Wenn der Gehorsam von Sub gleichgesetzt mit Schweigen wird. Was lapidar geschrieben scheint, kann für Sub ernsthaften Stress bedeuten und das Selbstwertgefühl empfindlich schmälern. Die Submission sollte bestenfalls alle Akteure fliegen lassen und ein gutes und glückliches Gefühl implizieren. Auf keinen Fall sollte meines Erachtens BDSM wirklichen seelischen Schmerz verursachen, kommunizierte Auslebungsformen ausgenommen.

Die Bereitschaft meines Gegenübers, offen für Fragen zu sein, kann ein Zeichen für die Integrität und Aufrichtigkeit eines Gegenübers nicht nur im Kennenlernprozess sein. Jeder Mensch besitzt sein ureigenes Tempo, sich anzunähern und Vertrauen fassen zu können. Und ohne Vertrauensbildung kann wohl kein erfüllender und beständiger BDSM entstehen. Dieses Tempo sollte bestenfalls mutig und offen kommuniziert werden, denn Sub und Dom steht dies uneingeschränkt zu.

Nun zur Gretchenfrage: Braucht es Seele im Miteinander von Dom und Sub?

Ich würde diese Frage bejahen. Mein Empfinden ist natürlich subjektiv, geformt von Lebenseinsichten und individuellen Erfahrungen. Jeder Mensch hat seine ganz eigene Meinung, was sein soll.

Ich möchte gerne erläutern, weshalb es für mich Seele in der Begegnung braucht: Nur wenn ich Seele zulasse, kann ich von meinem Gegenpart gesehen werden. Dann kann Interaktion mit mir als Mensch geschehen, bevor die Sub in mir zum Tragen kommt. Jede Begegnung kann ihren Ursprung im gegenseitigen, gleichberechtigten Kennenlernen des anderen Menschen haben, der sich hinter Sub und Dom verbirgt. Wenn dieser Mensch in all seinen Facetten wahrgenommen wird, wenn dieser Mensch angenommen wird und Akzeptanz findet, wenn dieser Mensch sein darf, wie er wirklich ist und leben darf, was ihn vollends glücklich macht, dann können sich Sub und Dom wahrhaftig in voller Kraft entfalten.

Mein persönliches Fazit zur erfüllt gelebten Submission:

Der Weg des Kennenlernens geschieht zuerst über den Menschen, bevor sich Sub und Dom gewidmet wird.
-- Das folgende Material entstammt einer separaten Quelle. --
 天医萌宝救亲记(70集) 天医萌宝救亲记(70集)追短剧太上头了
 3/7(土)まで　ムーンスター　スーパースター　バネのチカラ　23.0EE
Auch wenn die Facetten als eine Einheit scheinen, so sind die wenigsten Beteiligten ausschließlich Sub und Dom. Wir sind alle auch Menschen.

Vielleicht sind wir auch Eltern oder berufstätig, vielleicht haben wir noch anderweitige Verpflichtungen oder verschiedenste Stimmungen in uns, außerhalb der Welt des BDSM. Jeder von uns bringt ein komplexes Zusammenspiel an äußeren und inneren Faktoren mit sich, das uns erst zu dem Menschen werden ließ, der wir in der Gegenwart sind.

Die eigene Sexualität ist nur eine von vielen Facetten, die uns ausmachen.

Ist es nicht wundervoll, in allen Facetten gesehen und gleichsam von unserem Gegenüber angenommen zu werden, egal in welchem Rahmen und wie oft sich begegnet wird?

Oder irre ich mich diesbezüglich? Was meint ihr?